Already on GitHub? Sign in to your account

Possible to make gevent respect SCRIPT_NAME env var? #1667

Closed
bsolomon1124 opened this issue Sep 2, 2020 · 5 comments
Closed

Possible to make gevent respect SCRIPT_NAME env var? #1667

bsolomon1124 opened this issue Sep 2, 2020 · 5 comments
Labels
Type: Question User support and/or waiting for responses

Comments

@bsolomon1124
Copy link

  • gevent version:20.6.2
  • Python version: CPython 3.7.3 system
  • Operating System: Mac OS X 10.15.6

Background:

  • Nginx reverse proxy, proxy passes /foo to a Flask application root sitting behind gevent as wsgi app server
  • Flask ultimately uses SCRIPT_NAME from request.environ in generation of url_for() results
  • gevent looks to set this variable to the empty string and ignore it, meaning url_for() will be lacking the correct prefix
  • This means that using, e.g. href="{{ url_for('static', filename='favicon.ico') }}" breaks, since it generates an absolute path without the prefix from SCRIPT_PATH.

Case 1 (unexpected/non-working results, gevent):

hello.py:

from flask import Flask, redirect, url_for
from gevent.pywsgi import WSGIServer

app = Flask(__name__)
app.config["APPLICATION_ROOT"] = "/foo"

@app.route("/favicon.ico")
def favicon():
    to = url_for("static", filename="favicon.ico")
    import pdb; pdb.set_trace()
    return redirect(to)

if __name__ == "__main__":
    WSGIServer(('127.0.0.1', 5000),application=app).serve_forever()

Start:

$ SCRIPT_NAME='/foo' python hello.py

Result: to is /static/favicon.ico.

Case 2 (expected results, gunicorn):

hello.py:

from flask import Flask, redirect, url_for
from gevent.pywsgi import WSGIServer

app = Flask(__name__)
app.config["APPLICATION_ROOT"] = "/foo"

@app.route("/favicon.ico")
def favicon():
    to = url_for("static", filename="favicon.ico")
    import pdb; pdb.set_trace()
    return redirect(to)

Start:

$ SCRIPT_NAME=/foo gunicorn -b 127.0.0.1:5000 -w 2 hello:app

The url_for() call produces /foo/static/favicon.ico correctly.

@jamadden
Copy link
Member

jamadden commented Sep 3, 2020

Can you be specific about what change you're proposing, and how it relates to the WSGI specification? Note that gevent is in no way flask specific.

@bsolomon1124
Copy link
Author

bsolomon1124 commented Sep 3, 2020

Can you be specific about what change you're proposing, and how it relates to the WSGI specification? Note that gevent is in no way flask specific.

Yes, I know this 😏

I believe it relates to attaching SCRIPT_NAME from os.environ onto request.environ, similar to as is done here:

https://github.com/benoitc/gunicorn/blob/e4e20f273e95f505277a8dadf390bbdd162cfff4/gunicorn/http/wsgi.py#L180

It looks like gevent currently sets SCRIPT_NAME to an empty string indiscriminately. In pdb:

(Pdb) p request.environ["SCRIPT_NAME"]  # gunicorn
'/foo'
(Pdb) p request.environ["SCRIPT_NAME"]  # gevent
''

Again, I understand the concern in this repo is not with Flask, but stepping into url_for() above, I see:

(Pdb) p endpoint
'static'
(Pdb) p values
{'filename': 'favicon.ico'}
(Pdb) p url_adapter.build(endpoint, values, method=method, force_external=external)
'/foo/static/favicon.ico'

To bring it back to gevent, the recognition and management of SCRIPT_NAME seems to be standard across different wsgi app servers, so I'm wondering if there is a way to achieve this effect with gevent, or why the behavior seems to differ.

@jamadden
Copy link
Member

jamadden commented Dec 9, 2020

The WSGI PEP mostly imports many environment variables from the CGI spec. The CGI spec says of SCRIPT_NAME:

The SCRIPT_NAME string forms some leading part of the path component of the Script-URI derived in some implementation defined manner. No PATH_INFO segment (see section 4.1.5) is included in the SCRIPT_NAME value.

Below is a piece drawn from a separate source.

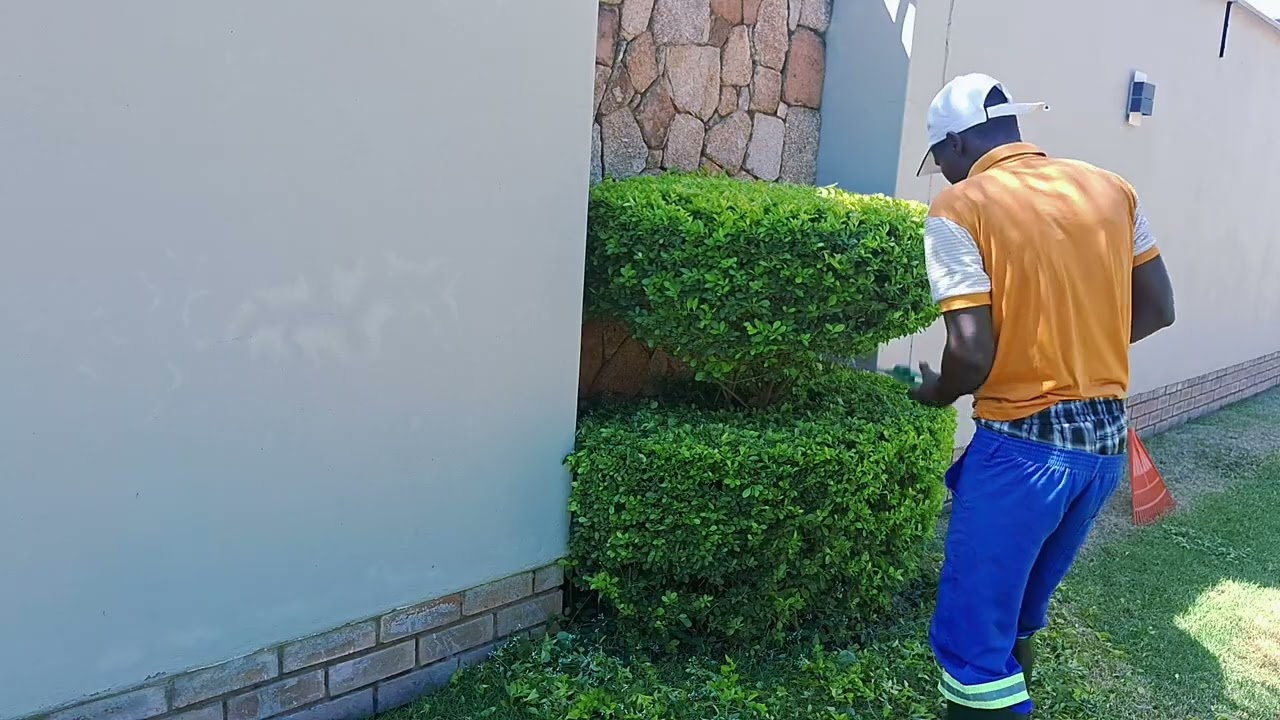 Outside the complex prt1 #flowers #gardenflowers #garden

An empty value for SCRIPT_NAME is thus correct by that definition, as any path.startswith("") is always true; empty values are explicitly allowed.

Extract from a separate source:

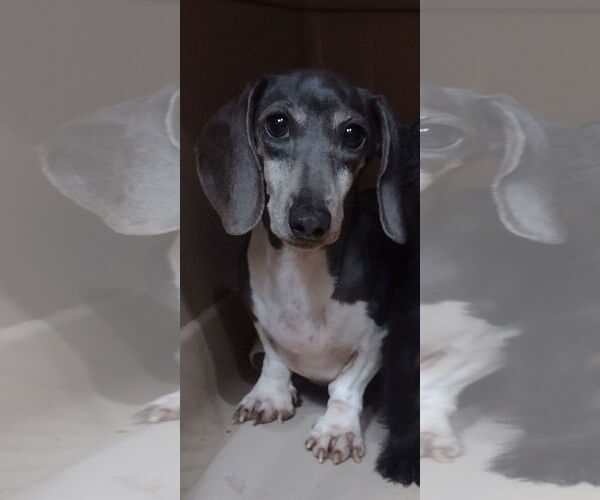 Medium Photo #1 Dachshund Puppy For Sale in Sioux Falls, SD, USA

The WSGI PEP tightens this slightly:

The initial portion of the request URL's "path" that corresponds to the application object, so that the application knows its virtual "location". This may be an empty string, if the application corresponds to the "root" of the server.

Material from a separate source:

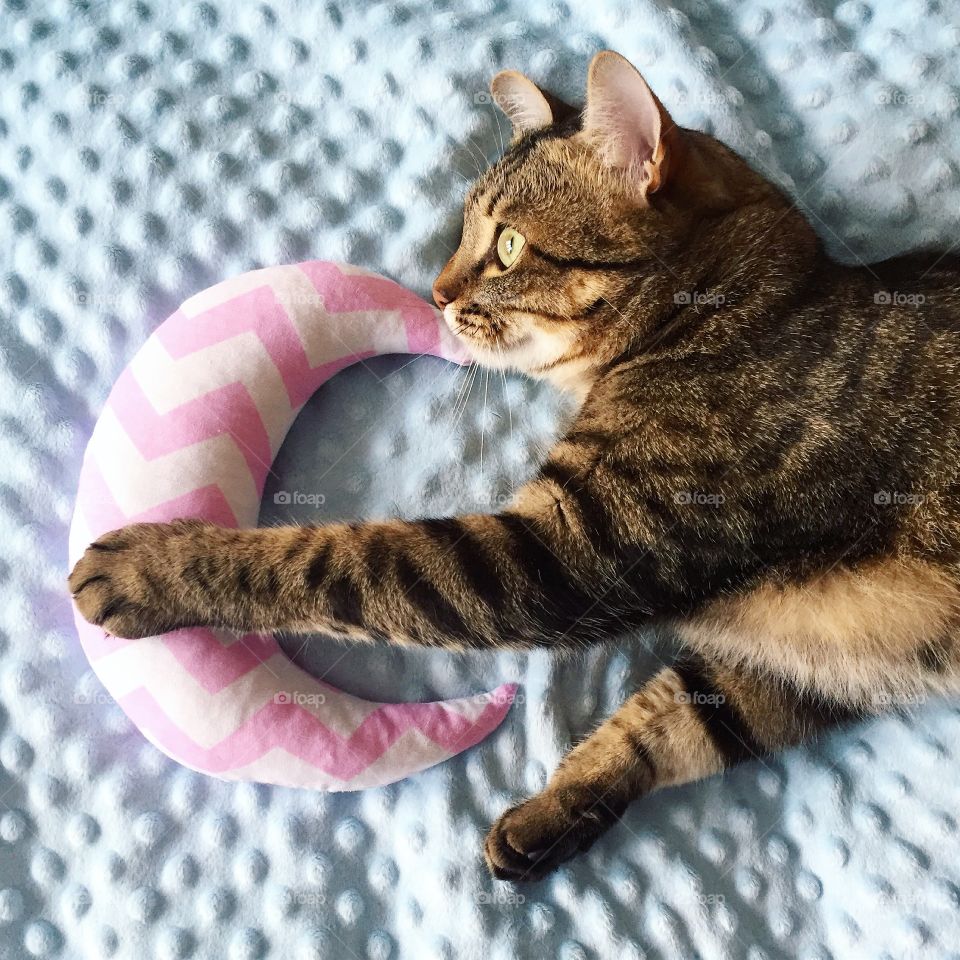 Beautiful cat lying on a bed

As far as gevent knows, there is only one application, and it is the root. There is no concept of any hierarchy of application objects or any relation to URL space or filesystem layout. So an empty SCRIPT_NAME is consistent.

the recognition and management of SCRIPT_NAME seems to be standard across different wsgi app servers,

I disagree. The "implementation defined manner" seems to be quite different across servers.

I agree that gunicorn will read a SCRIPT_NAME from the process's environment. It will also, for some reason, accept it in a request header.

In contrast, waitress requires the command-line argument --url-prefix, which invokes some complex behaviour; it too uses the empty string by default:

Setting this to anything except the empty string will cause the WSGI SCRIPT_NAME value to be the value passed minus any trailing slashes you add, and it will cause the PATH_INFO of any request which is prefixed with this value to be stripped of the prefix. Default is the empty string.

The standard library reference implementation also just hardcodes an empty string, presumably for similar reasons to gevent. (It does read the process environment and add it to the WSGI environment, but the hardcoded variables replace whatever was in the process environment.)

Given those examples, I don't see a clear consensus. It does seem like they all do something a bit differently. SCRIPT_NAME is not portable as defined.

But, in all cases it should be pretty simple to make it do what your application expects. The most portable way would be with a tiny bit of WSGI middleware:

def make_middleware(app):
   def middleware(environ, start_response):
        environ['SCRIPT_NAME'] = os.environ.get('SCRIPT_NAME', '')
        return app(environ, start_response)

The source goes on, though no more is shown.